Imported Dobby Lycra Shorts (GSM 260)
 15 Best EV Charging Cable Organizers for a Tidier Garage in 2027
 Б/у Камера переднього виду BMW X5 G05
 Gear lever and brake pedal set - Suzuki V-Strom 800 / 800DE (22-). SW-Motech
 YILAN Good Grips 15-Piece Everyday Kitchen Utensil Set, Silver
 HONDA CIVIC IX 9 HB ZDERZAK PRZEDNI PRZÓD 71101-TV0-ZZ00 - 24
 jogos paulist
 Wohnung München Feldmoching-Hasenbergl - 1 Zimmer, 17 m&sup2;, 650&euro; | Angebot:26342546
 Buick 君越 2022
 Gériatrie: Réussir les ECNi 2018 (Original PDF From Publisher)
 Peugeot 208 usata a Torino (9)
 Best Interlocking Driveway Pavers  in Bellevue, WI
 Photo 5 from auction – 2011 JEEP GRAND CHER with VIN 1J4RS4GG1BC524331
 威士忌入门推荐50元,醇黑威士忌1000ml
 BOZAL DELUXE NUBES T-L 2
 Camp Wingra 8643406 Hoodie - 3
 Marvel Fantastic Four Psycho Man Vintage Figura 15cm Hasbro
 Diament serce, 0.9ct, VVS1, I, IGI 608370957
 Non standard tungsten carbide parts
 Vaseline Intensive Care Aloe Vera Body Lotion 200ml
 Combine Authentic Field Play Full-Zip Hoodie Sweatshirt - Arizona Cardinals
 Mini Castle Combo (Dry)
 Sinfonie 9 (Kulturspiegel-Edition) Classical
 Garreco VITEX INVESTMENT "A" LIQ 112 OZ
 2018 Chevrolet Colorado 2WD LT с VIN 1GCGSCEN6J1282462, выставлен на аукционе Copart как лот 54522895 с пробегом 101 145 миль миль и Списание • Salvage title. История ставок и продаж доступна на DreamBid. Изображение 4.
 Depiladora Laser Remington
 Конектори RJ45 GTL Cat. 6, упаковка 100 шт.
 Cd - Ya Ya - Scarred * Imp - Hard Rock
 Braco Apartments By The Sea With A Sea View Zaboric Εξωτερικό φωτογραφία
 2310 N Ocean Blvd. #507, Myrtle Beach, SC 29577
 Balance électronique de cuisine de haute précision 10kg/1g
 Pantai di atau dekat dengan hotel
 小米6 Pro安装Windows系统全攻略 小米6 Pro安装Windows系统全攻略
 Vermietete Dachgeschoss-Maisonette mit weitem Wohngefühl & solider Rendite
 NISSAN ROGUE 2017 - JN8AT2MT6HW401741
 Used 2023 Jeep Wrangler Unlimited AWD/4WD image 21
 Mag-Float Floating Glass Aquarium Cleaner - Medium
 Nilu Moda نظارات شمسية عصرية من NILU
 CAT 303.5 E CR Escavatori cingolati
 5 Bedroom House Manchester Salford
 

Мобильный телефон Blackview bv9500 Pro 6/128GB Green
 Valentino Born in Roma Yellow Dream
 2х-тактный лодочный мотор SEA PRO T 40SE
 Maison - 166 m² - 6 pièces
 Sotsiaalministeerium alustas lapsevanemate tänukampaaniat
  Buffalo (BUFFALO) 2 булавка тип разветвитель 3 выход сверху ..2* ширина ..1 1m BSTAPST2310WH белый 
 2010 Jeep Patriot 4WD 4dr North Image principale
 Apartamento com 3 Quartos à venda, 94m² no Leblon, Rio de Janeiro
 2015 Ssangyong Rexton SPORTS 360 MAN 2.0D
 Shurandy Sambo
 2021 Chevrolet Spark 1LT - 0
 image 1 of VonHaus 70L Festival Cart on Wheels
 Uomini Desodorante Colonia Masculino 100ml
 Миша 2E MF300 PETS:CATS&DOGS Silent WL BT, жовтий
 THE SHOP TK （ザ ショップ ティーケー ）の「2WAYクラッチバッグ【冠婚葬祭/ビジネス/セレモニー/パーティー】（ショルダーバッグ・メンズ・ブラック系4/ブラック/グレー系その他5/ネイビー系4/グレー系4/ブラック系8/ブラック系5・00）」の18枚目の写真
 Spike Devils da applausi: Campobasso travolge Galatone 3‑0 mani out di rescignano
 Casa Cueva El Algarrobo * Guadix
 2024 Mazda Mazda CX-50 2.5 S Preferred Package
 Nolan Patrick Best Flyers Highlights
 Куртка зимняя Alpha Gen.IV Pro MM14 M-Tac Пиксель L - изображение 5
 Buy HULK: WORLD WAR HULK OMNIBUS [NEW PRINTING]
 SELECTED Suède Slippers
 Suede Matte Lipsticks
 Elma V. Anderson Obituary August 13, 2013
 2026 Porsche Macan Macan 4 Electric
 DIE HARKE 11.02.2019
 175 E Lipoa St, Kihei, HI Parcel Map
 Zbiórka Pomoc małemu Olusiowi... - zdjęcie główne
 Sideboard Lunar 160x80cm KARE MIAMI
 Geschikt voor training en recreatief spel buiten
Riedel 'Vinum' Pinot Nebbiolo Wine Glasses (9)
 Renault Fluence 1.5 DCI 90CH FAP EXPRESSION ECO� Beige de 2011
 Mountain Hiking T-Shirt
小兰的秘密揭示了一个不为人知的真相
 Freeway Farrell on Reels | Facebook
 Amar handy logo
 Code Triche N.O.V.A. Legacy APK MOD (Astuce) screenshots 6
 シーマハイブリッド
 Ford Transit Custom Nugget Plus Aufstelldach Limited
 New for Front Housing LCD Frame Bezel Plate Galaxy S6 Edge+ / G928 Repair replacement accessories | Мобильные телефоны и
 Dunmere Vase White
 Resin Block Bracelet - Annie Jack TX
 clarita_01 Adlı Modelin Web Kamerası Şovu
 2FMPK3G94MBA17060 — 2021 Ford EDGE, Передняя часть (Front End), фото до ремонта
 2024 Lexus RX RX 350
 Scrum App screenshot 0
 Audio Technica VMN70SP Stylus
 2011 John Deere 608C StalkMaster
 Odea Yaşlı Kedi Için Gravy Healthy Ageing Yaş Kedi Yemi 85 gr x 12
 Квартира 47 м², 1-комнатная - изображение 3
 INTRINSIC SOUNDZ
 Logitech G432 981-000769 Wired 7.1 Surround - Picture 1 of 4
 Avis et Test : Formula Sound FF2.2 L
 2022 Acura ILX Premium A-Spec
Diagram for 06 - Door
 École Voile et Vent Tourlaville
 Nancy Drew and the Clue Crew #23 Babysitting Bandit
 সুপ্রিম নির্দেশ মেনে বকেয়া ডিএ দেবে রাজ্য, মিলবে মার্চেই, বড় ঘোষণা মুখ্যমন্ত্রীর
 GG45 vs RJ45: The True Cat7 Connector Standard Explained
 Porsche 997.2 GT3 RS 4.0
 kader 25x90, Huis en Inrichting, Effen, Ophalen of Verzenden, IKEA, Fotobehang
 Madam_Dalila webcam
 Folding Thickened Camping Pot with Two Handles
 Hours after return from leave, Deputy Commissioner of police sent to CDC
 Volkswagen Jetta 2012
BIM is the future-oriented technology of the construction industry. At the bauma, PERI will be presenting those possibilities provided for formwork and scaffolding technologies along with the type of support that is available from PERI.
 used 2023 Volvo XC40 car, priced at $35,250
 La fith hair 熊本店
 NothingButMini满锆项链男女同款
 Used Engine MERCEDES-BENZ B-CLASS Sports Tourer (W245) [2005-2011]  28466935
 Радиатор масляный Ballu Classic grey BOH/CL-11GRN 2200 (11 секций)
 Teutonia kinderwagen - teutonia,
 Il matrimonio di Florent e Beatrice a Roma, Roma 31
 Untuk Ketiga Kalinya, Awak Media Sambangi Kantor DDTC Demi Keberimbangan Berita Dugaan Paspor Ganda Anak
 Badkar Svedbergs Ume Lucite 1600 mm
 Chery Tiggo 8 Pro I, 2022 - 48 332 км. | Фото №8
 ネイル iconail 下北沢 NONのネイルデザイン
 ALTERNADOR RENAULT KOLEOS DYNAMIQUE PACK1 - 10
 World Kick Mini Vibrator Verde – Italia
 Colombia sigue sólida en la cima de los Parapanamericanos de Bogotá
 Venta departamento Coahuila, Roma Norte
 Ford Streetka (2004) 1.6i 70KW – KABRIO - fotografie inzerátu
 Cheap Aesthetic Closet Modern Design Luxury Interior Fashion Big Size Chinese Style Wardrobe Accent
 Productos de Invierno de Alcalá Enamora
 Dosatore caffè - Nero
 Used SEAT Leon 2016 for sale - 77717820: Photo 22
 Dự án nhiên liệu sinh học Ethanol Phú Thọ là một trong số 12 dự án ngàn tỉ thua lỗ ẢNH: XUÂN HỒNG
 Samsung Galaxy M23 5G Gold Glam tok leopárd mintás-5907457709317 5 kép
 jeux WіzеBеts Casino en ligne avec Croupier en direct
————
> _Work to be completed_
Set down exactly, and only, the lines from the one containing "Il matrimonio di" through the final line of the entries above.

> _Answer to this exercise_
 Il matrimonio di Florent e Beatrice a Roma, Roma 31
 Untuk Ketiga Kalinya, Awak Media Sambangi Kantor DDTC Demi Keberimbangan Berita Dugaan Paspor Ganda Anak
 Badkar Svedbergs Ume Lucite 1600 mm
 Chery Tiggo 8 Pro I, 2022 - 48 332 км. | Фото №8
 ネイル iconail 下北沢 NONのネイルデザイン
 ALTERNADOR RENAULT KOLEOS DYNAMIQUE PACK1 - 10
 World Kick Mini Vibrator Verde – Italia
 Colombia sigue sólida en la cima de los Parapanamericanos de Bogotá
 Venta departamento Coahuila, Roma Norte
 Ford Streetka (2004) 1.6i 70KW – KABRIO - fotografie inzerátu
 Cheap Aesthetic Closet Modern Design Luxury Interior Fashion Big Size Chinese Style Wardrobe Accent
 Productos de Invierno de Alcalá Enamora
 Dosatore caffè - Nero
 Used SEAT Leon 2016 for sale - 77717820: Photo 22
 Dự án nhiên liệu sinh học Ethanol Phú Thọ là một trong số 12 dự án ngàn tỉ thua lỗ ẢNH: XUÂN HỒNG
 Samsung Galaxy M23 5G Gold Glam tok leopárd mintás-5907457709317 5 kép
 jeux WіzеBеts Casino en ligne avec Croupier en direct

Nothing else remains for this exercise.